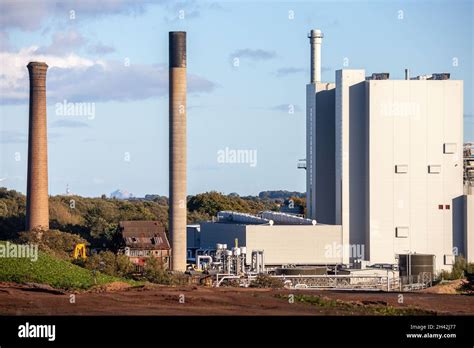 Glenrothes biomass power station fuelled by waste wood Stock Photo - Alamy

--

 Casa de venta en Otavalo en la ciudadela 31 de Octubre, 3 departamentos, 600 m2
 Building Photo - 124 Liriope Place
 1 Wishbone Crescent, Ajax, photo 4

■ Work order ■
Among the records above, a stretch begins at the line containing "Building Photo - 124 Liriope Place" and ends at the line containing "1 Wishbone Crescent, Ajax, photo 4". Restate that stretch word for word, and nothing else.

■ Response to the exercise ■
 Building Photo - 124 Liriope Place
 1 Wishbone Crescent, Ajax, photo 4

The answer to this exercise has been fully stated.